“This is a struggle for the soul of … the party,” says Arthur Brooks, the polymath president of the conservative American Enterprise Institute and a Ryan ally. (That conflict became even more vivid after South Carolina Gov. Nikki Haley, who was invited partly by Ryan, used her response to President Obama’s State of the Union this week to pointedly rebuke Trump.)
The Columbia forum was sponsored by the Jack Kemp Foundation, which honors the late Republican House member who helped design Ronald Reagan’s supply-side tax cuts, but became best known for pushing his party to court voters of color with conservative responses to expanding opportunity. At the event, Ryan (who considers Kemp his mentor) and South Carolina Republican Sen.
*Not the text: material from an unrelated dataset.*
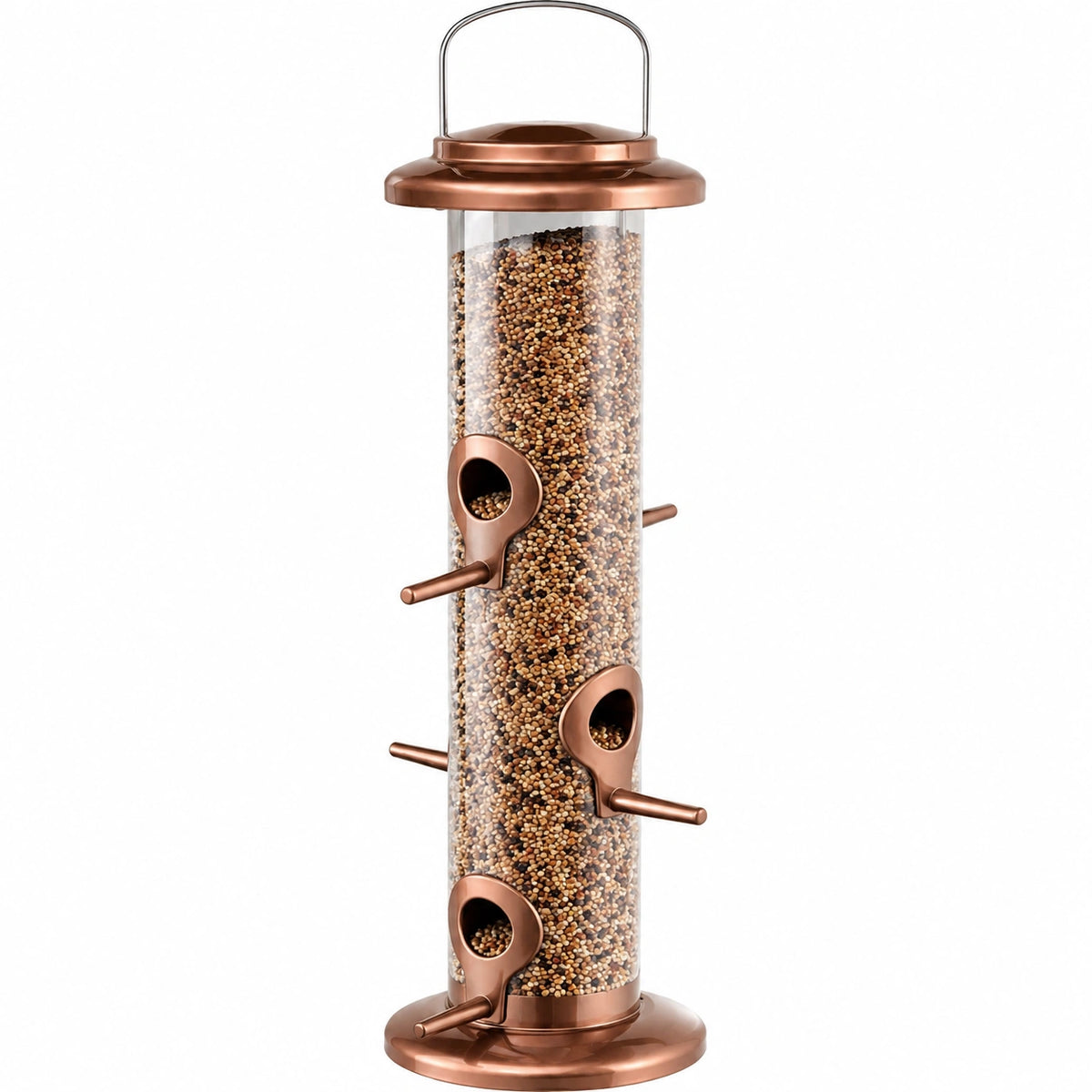 Vogelfutterspender 18 x 45 cm aus Metall und transparentem Kunststoff in Kupferfarben - hängend für Wildvögel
Tim Scott led GOP presidential contenders Bush, Rubio, John Kasich, Chris Christie, Ben Carson, and Mike Huckabee through detailed discussions of their ideas to reduce poverty and invigorate the economy. The tone was more PBS than Fox News Channel. Other than a Christie condemnation of teachers’ unions, no one raised their voice.
The ideas the group debated included converting more federal anti-poverty programs into state block grants; expanding the Earned Income Tax Credit that supports the working poor, promoting charter schools, criminal-justice reform, and rethinking treatment for drug addicts. Phrases such as “outcome-based measures” and “middle-skilled jobs” drew knowing nods.
Democrats find much to criticize in these specific proposals. Advocates for the poor argue that Ryan’s plans to block-grant anti-poverty programs such as food stamps would produce large spending cuts. They note that his determination to repeal President Obama’s health care law would withdraw coverage from millions of working-poor Americans.
But Republican willingness to engage on problems like poverty and criminal justice reform at least provides the basis for bipartisan debate and negotiation. Politically, the forum reflected the belief of many conservative policy intellectuals that the party can win back the White House only by proving it has concrete responses that extend beyond tax cuts to the economic challenges most Americans face. “Conservatives are bringing their ‘A-game’ to fighting poverty,” Ryan declared at one point. Later he added: “What you are learning today is we are not just an opposition party, we are a proposition party.”
But that hasn’t been remotely true in the GOP presidential race. None of the ideas discussed at the forum have mattered much in the contest. At Trump’s appearance in Rock Hill, the loudest applause came for things he said he would fight, including the common-core educational standards, new gun-control measures, imports from Japan or China, undocumented immigrants from Mexico, and, pointedly, the budget agreement that Ryan negotiated with Obama. Trump drew a primal roar from the crowd when he promised to repeal Obama’s health care law.